Roggenbach J, Roggenbach R, Ehlermann P

机构信息

Klinik für Anaesthesiologie und Intensivmedizin, Klinikum der Universität Heidelberg, Im Neuenheimer Feld 110, 69120 Heidelberg, Deutschland.

出版信息

Anaesthesist. 2010 Jul;59(7):636-42. doi: 10.1007/s00101-010-1745-3.

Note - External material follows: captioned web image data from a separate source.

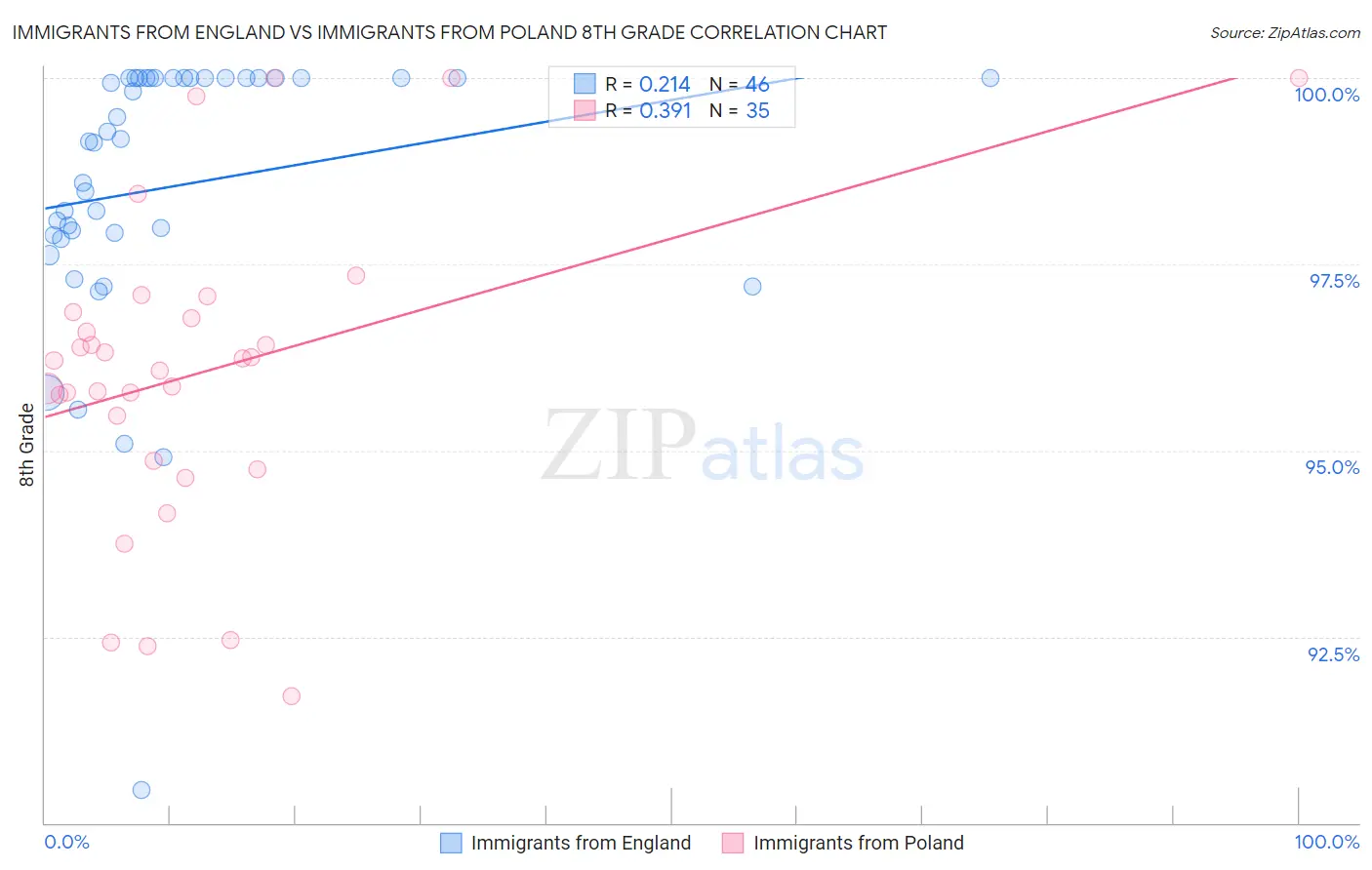 Immigrants from England vs Immigrants from Poland 8th Grade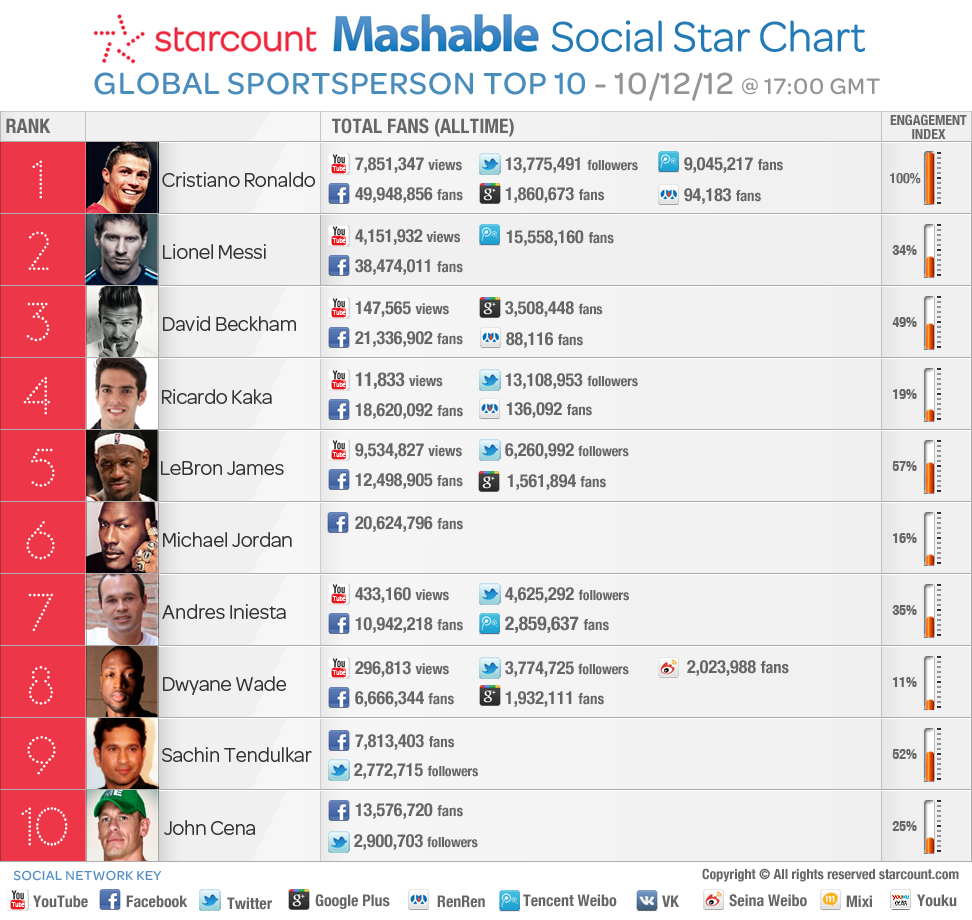 ترتيب مشاهير الرياضة حسب شعبيتهم في الشبكات الاجتماعية  Top-sportsperson-ronaldo-vs-messi-mashable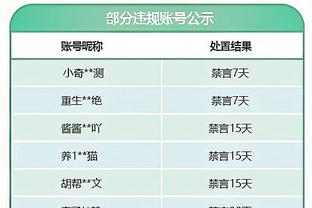 约什-鲍威尔：在园区夺冠很难 我们看到了近年来最好的篮球比赛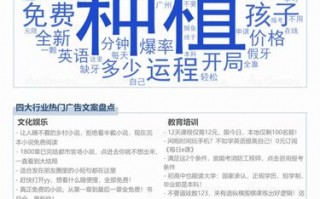 君忆广告联盟，打造高效精准广告投放的秘诀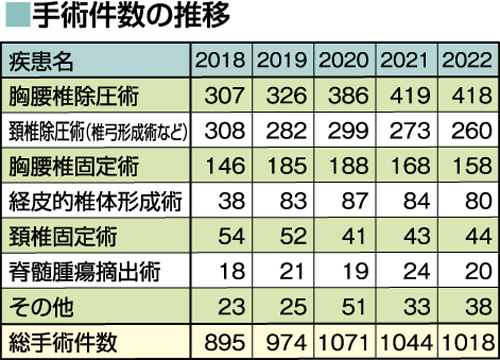 手術件数の推移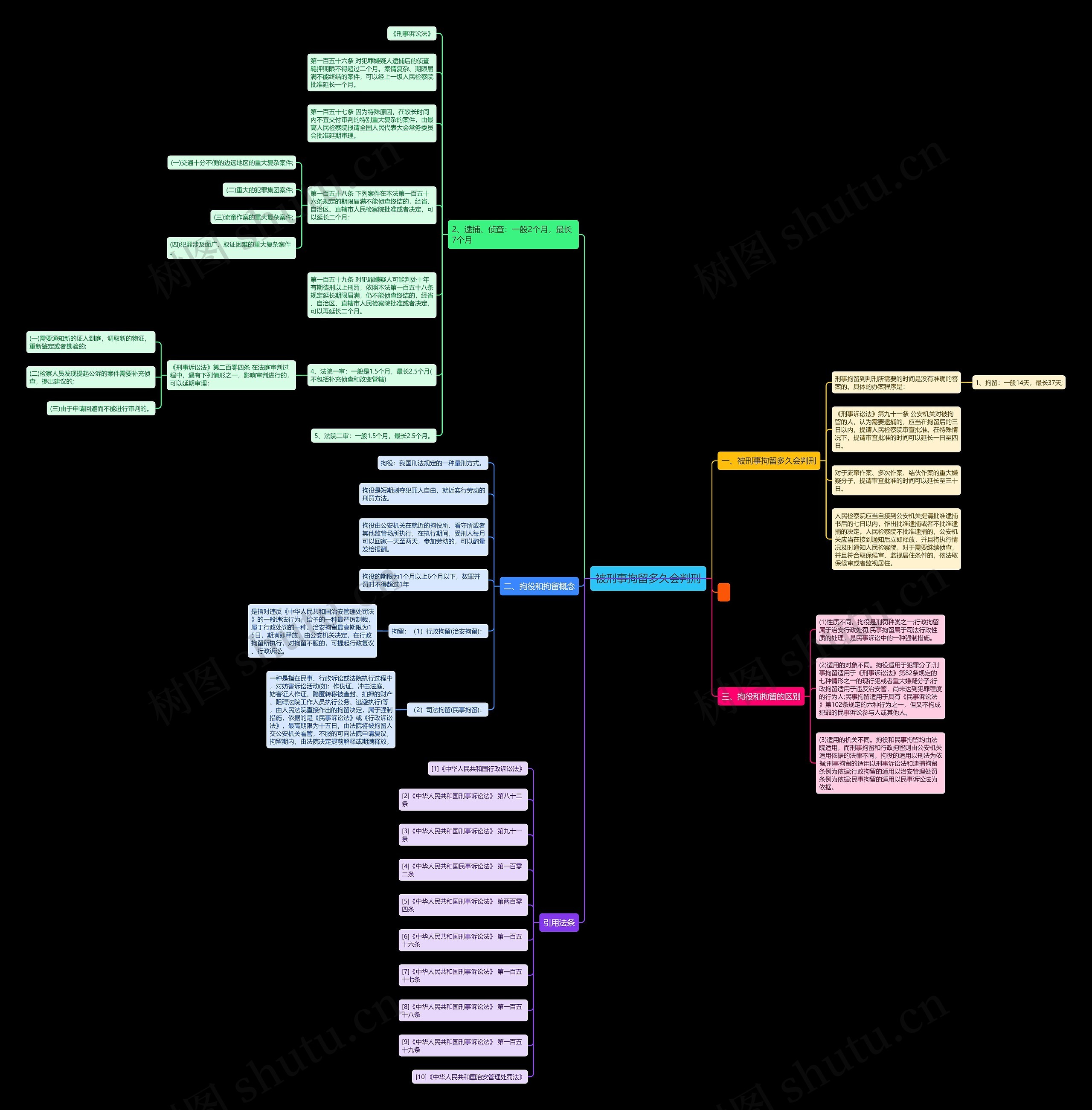 被刑事拘留多久会判刑 被刑事拘留多久会判刑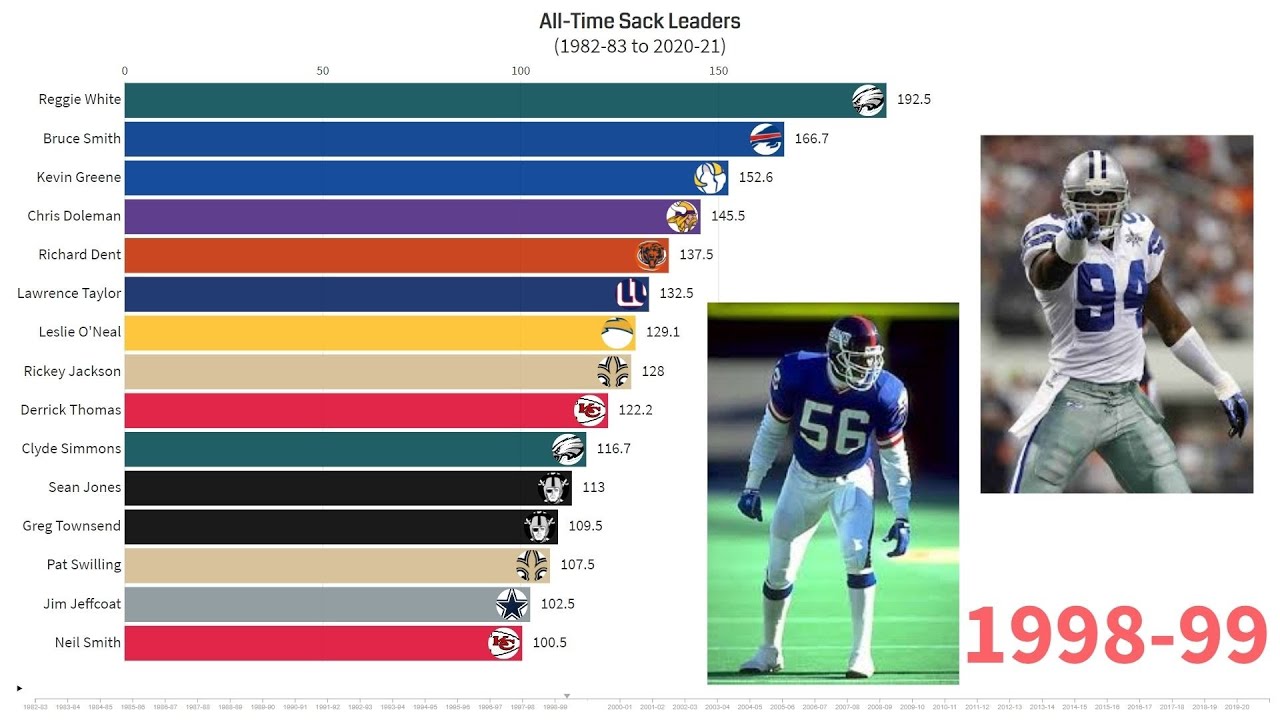 Top 15 NFL Players With the Most Sacks (19822020) YouTube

DOI:10.1007/s00101-010-1745-3
PMID:20549172
Abstract

Tako-Tsubo cardiomyopathy (TK) is an acutely appearing myocardial disease leading to impaired cardiac function, which can barely be distinguished clinically from an acute myocardial infarction. It occurs mainly in postmenopausal women and usually has a good prognosis. The pathophysiology of TK still remains to be elucidated but the favoured hypothesis is myocardial damage induced by catecholamine excess. Various acute diseases, emotional stress, surgical procedures and anaesthesia have been described as possible causes for TK. Little is known about the optimal therapy, however, there might be potential differences in the therapy of TK compared to contemporary therapy algorithms for heart failure. Knowledge of TK as a differential diagnosis for acute myocardial infarction is necessary to avoid incorrect treatment.

摘要

应激性心肌病(TK)是一种急性发作的心肌疾病,可导致心功能受损,在临床上很难与急性心肌梗死区分开来。它主要发生在绝经后女性中,通常预后良好。TK的病理生理学仍有待阐明,但最受青睐的假说是儿茶酚胺过量引起的心肌损伤。各种急性疾病、情绪应激、外科手术和麻醉都被描述为TK的可能病因。然而,对于最佳治疗方法知之甚少,与当代心力衰竭治疗算法相比,TK的治疗可能存在潜在差异。了解TK作为急性心肌梗死的鉴别诊断对于避免错误治疗是必要的。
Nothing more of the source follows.